In his review of Episode 93 of Dragon Ball Super, Saris said Kale "steals the show", from her emergence as a sudden threat for the other tournament competitors to her abrupt shift in personality. Saris noted that the show competently handled Kale's "wild transformation into a crazed warrior", showcasing her immense power and uncontrollable rage while being different enough from Broly in terms of personality. Some commentators have suggested that Kale's emotional attachment to Caulifla is homoerotic in nature. Attention was drawn to one episode where Kale gets jealous at their fellow Saiyan Cabba and attacks him after getting the impression that Caulifla wants to spend more time with him.

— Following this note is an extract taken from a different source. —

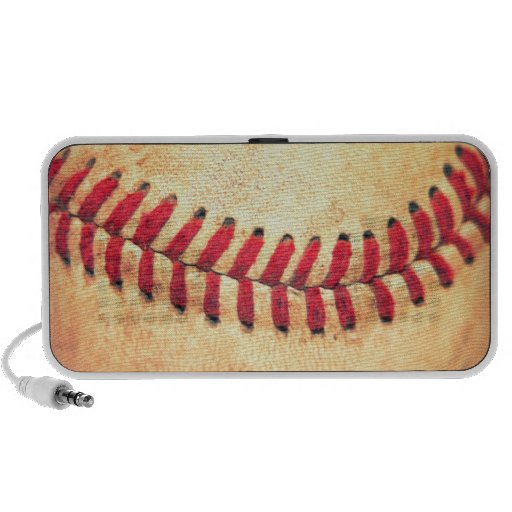 Vintage baseball ball travelling speaker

Saris also praised the depiction of Caulifla and Kale's teamwork dynamic, which he said is reminiscent of the pairing of Goku and Vegeta. He did not initially like the idea of the characters merging into the amalgamated being known as Kefla in Episode 114; he felt that the introduction of the Potara Earrings into the Tournament of Power goes against its rules, and that it "felt like a cheap way to introduce a sudden power increase mid-battle". Saris later commented that Episode 115 does give Kefla a proper introduction, and by Episode 116 he formed the view that "the weeks of build-up around Kefla help make her character compelling and worth rooting for". The final battle between Kefla and Goku in his Ultra Instinct form, where she is presented as "extremely energetic and aggressive" while he seems "impossibly calm and composed", was considered a series highlight by multiple commentators. Sam Stone from CBR consider Kefla to be the most interesting Super Saiyan in Dragon Ball, as well as the strongest female character within a series long dominated by male characters. Dave Trumbore from Collider praised Kefla's introduction as one of several memorable homages by Super to the classic series.

===Analysis===
David Sunil analyzed the characters within the context of the excessively masculine woman superhero trope in popular media. He noted that the idea of these characters as "strong" female characters is solely based on their physical prowess in battle, as well as their embodiment of masculine characteristics in order to be validated or taken seriously as characters. While he commended the effort for "shattering" the damsel in distress trope, he argued that their empowerment as characters is undermined when "all they can do is punch and fight equal if not better to than the men in the given narrative".

==In popular culture==
Both individual characters and their merged form as Kefla have been popular subjects for expressions of fan labor, such as cosplay and fan art. Caulifla in particular inspired a mural erected in Los Angeles by artist Jake Merten.